● **EXERCISE**
Only an exact copy belongs in the answer: the line with "Комплект светодиодной ленты" and every line after it through the end of the records, pictures left out.

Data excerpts
▬▬▬▬▬▬

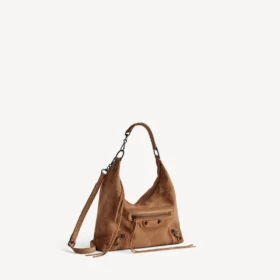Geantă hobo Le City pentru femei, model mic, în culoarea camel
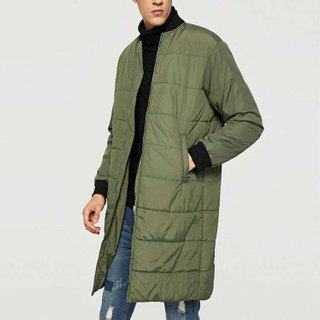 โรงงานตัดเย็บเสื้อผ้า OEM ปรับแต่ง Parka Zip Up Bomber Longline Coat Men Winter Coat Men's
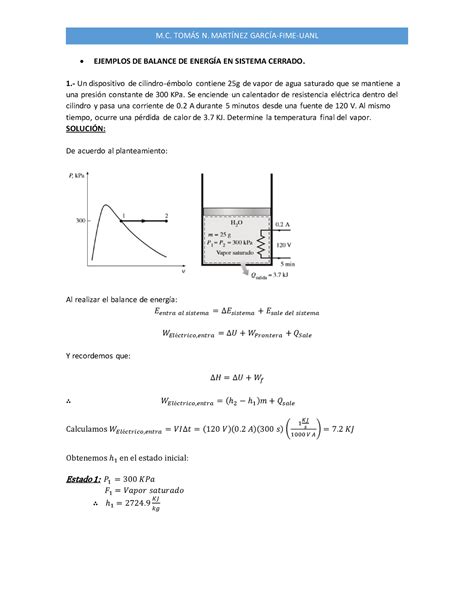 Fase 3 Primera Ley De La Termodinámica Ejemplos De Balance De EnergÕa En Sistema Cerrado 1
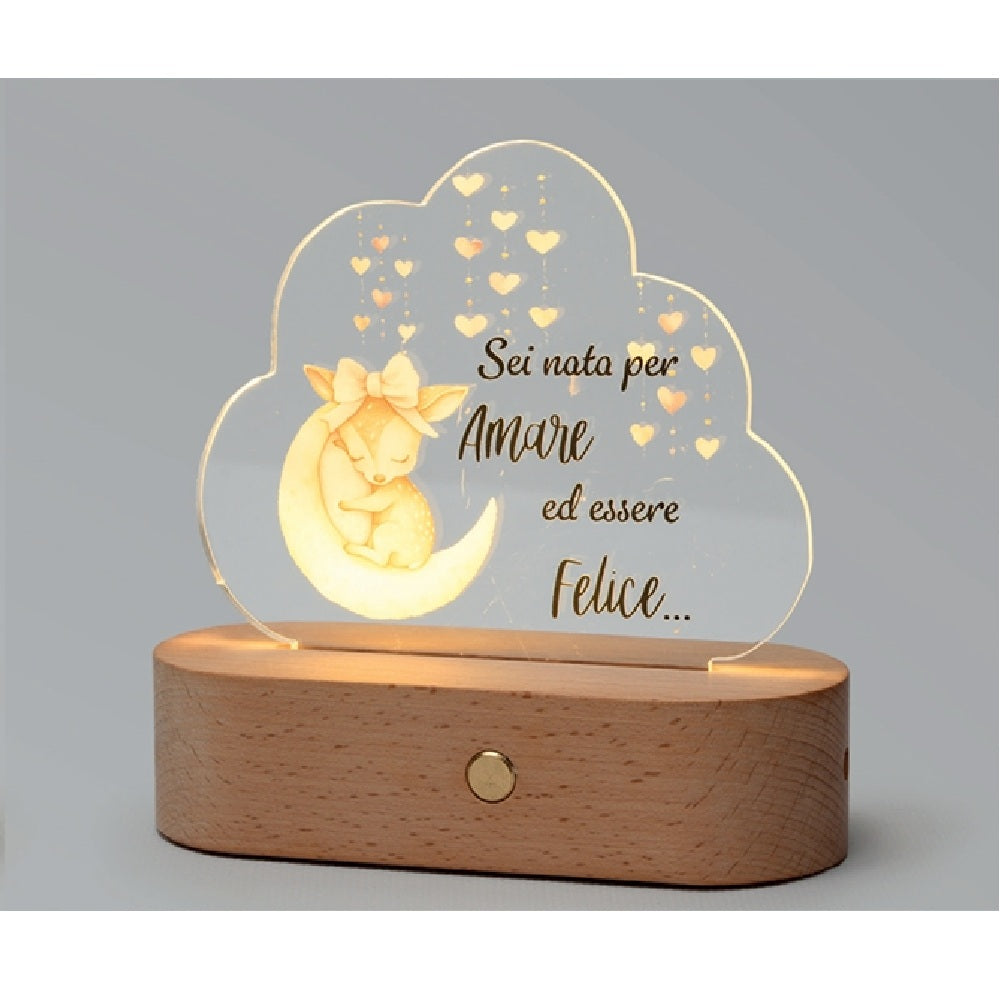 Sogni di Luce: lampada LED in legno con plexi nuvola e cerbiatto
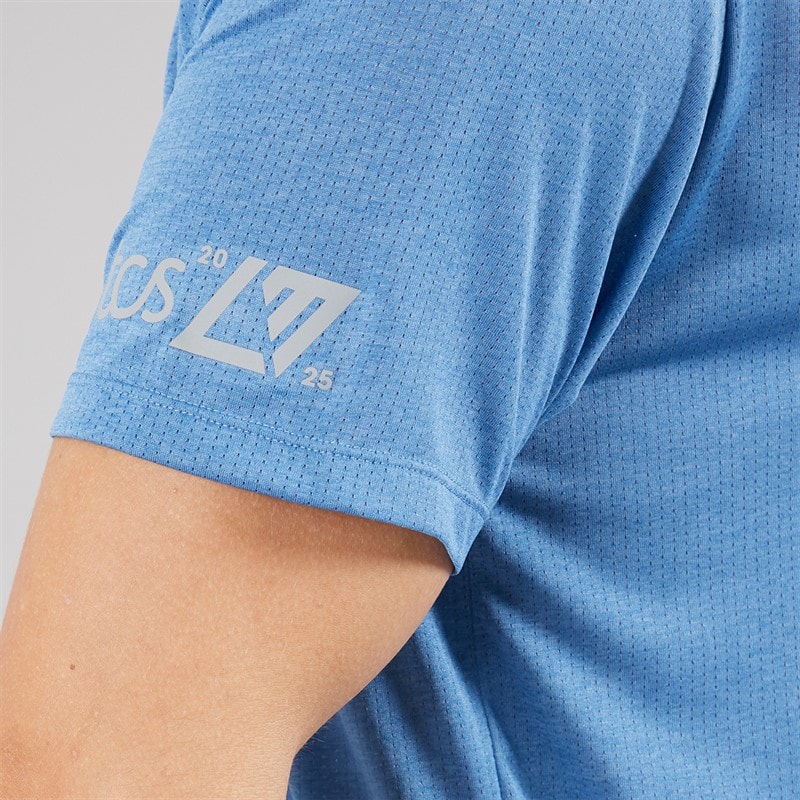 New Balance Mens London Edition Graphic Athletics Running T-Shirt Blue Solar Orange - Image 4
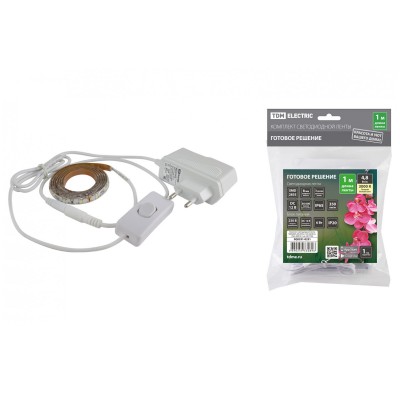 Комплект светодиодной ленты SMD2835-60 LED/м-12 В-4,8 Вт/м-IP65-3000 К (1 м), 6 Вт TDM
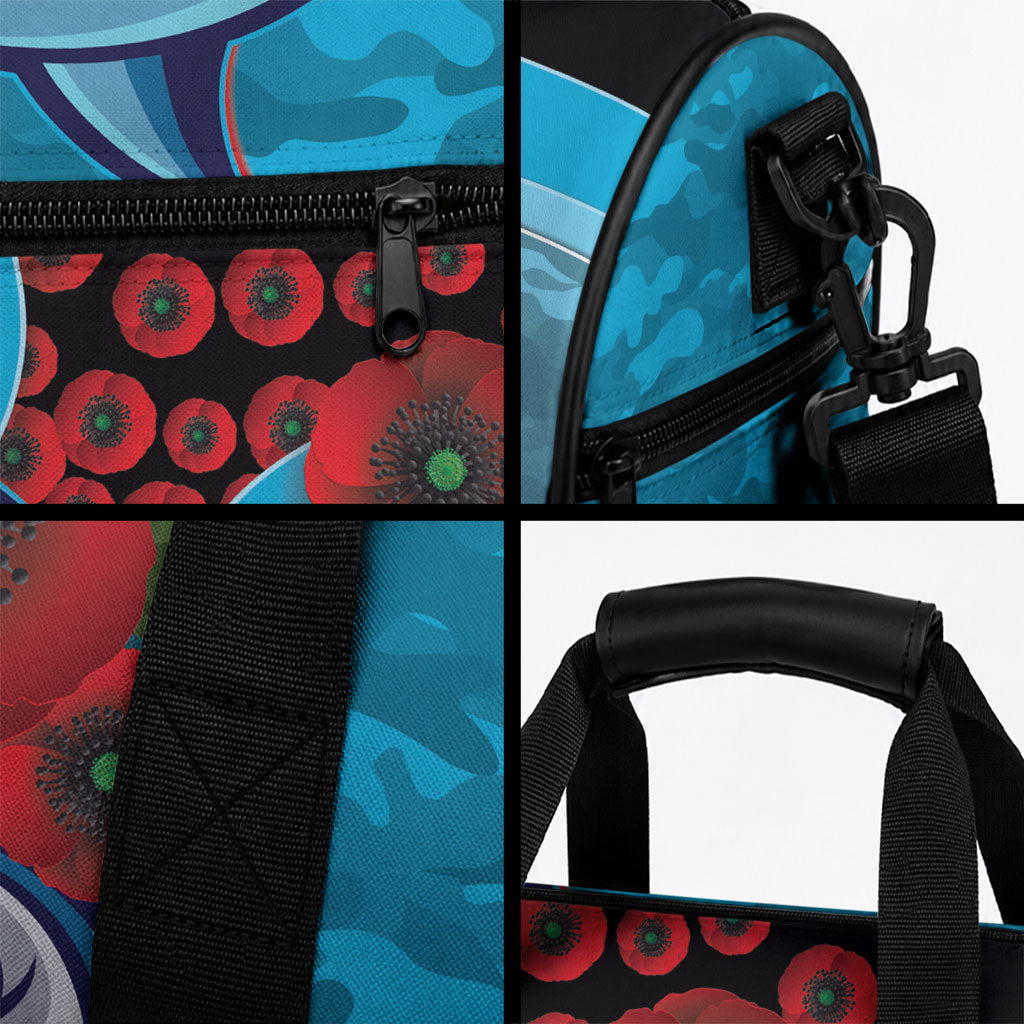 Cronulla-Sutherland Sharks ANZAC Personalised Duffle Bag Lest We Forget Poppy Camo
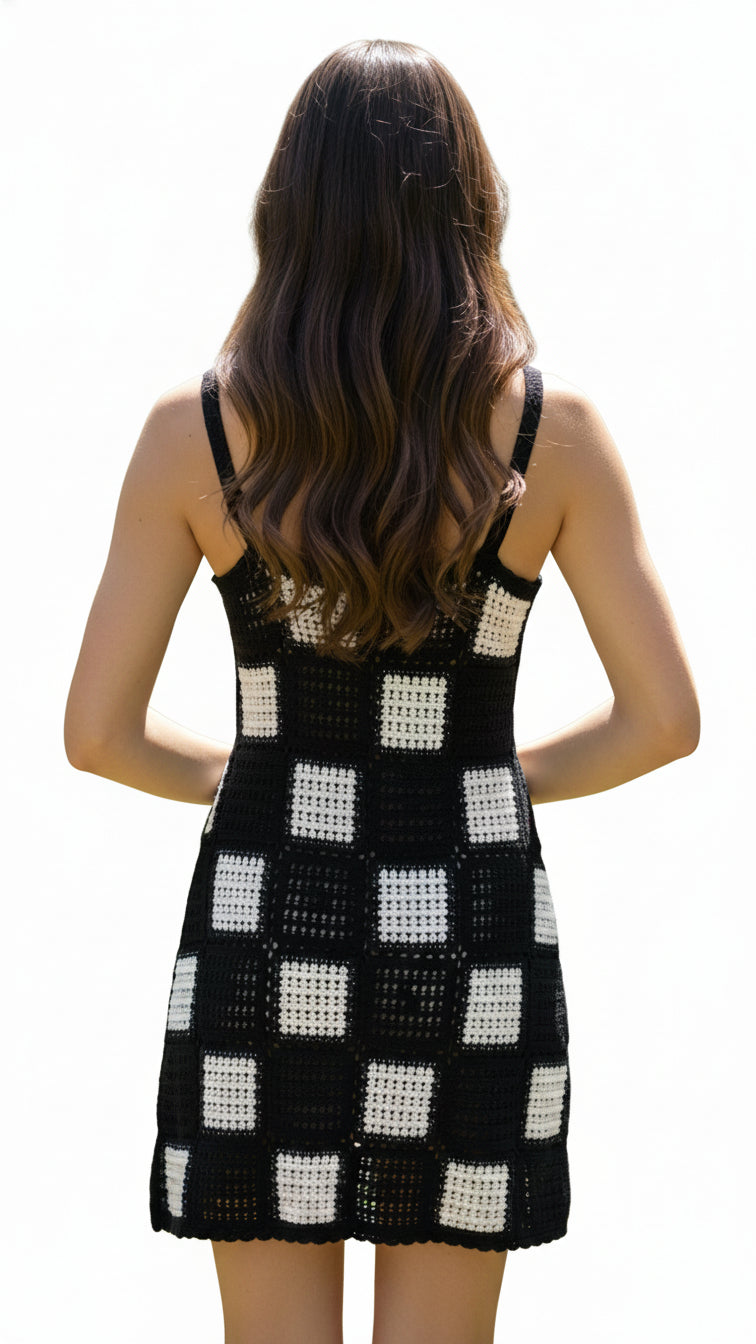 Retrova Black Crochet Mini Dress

▬▬▬▬▬▬

● **EXERCISE OUTPUT**
 Комплект светодиодной ленты SMD2835-60 LED/м-12 В-4,8 Вт/м-IP65-3000 К (1 м), 6 Вт TDM
 Cronulla-Sutherland Sharks ANZAC Personalised Duffle Bag Lest We Forget Poppy Camo
 Retrova Black Crochet Mini Dress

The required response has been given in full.